_ABOUT THIS TASK_. Check each line of the entries for "Sticker" and report the ones that have it.

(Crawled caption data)
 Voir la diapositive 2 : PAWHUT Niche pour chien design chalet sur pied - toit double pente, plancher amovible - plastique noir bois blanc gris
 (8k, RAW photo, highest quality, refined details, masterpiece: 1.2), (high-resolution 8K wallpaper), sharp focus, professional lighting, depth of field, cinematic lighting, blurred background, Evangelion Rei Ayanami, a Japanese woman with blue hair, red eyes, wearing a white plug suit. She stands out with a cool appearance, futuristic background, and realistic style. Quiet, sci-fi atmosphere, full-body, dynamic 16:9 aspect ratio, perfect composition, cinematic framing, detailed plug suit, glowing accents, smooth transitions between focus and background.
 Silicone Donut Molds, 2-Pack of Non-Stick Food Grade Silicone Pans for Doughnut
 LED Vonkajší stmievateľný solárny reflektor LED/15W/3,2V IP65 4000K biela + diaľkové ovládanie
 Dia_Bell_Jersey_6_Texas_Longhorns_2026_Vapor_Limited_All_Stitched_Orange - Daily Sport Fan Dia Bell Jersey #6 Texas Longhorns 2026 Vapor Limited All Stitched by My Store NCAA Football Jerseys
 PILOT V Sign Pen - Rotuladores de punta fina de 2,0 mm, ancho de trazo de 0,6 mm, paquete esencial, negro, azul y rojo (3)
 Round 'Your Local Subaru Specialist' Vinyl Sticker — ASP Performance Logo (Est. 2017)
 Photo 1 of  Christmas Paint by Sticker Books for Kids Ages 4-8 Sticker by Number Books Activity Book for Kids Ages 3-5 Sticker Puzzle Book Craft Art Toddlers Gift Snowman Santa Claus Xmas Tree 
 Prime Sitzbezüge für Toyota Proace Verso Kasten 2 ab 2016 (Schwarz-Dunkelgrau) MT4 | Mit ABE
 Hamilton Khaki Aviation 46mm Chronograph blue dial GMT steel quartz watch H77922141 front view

_WRITTEN RESPONSE_.
 Round 'Your Local Subaru Specialist' Vinyl Sticker — ASP Performance Logo (Est. 2017)
 Photo 1 of  Christmas Paint by Sticker Books for Kids Ages 4-8 Sticker by Number Books Activity Book for Kids Ages 3-5 Sticker Puzzle Book Craft Art Toddlers Gift Snowman Santa Claus Xmas Tree 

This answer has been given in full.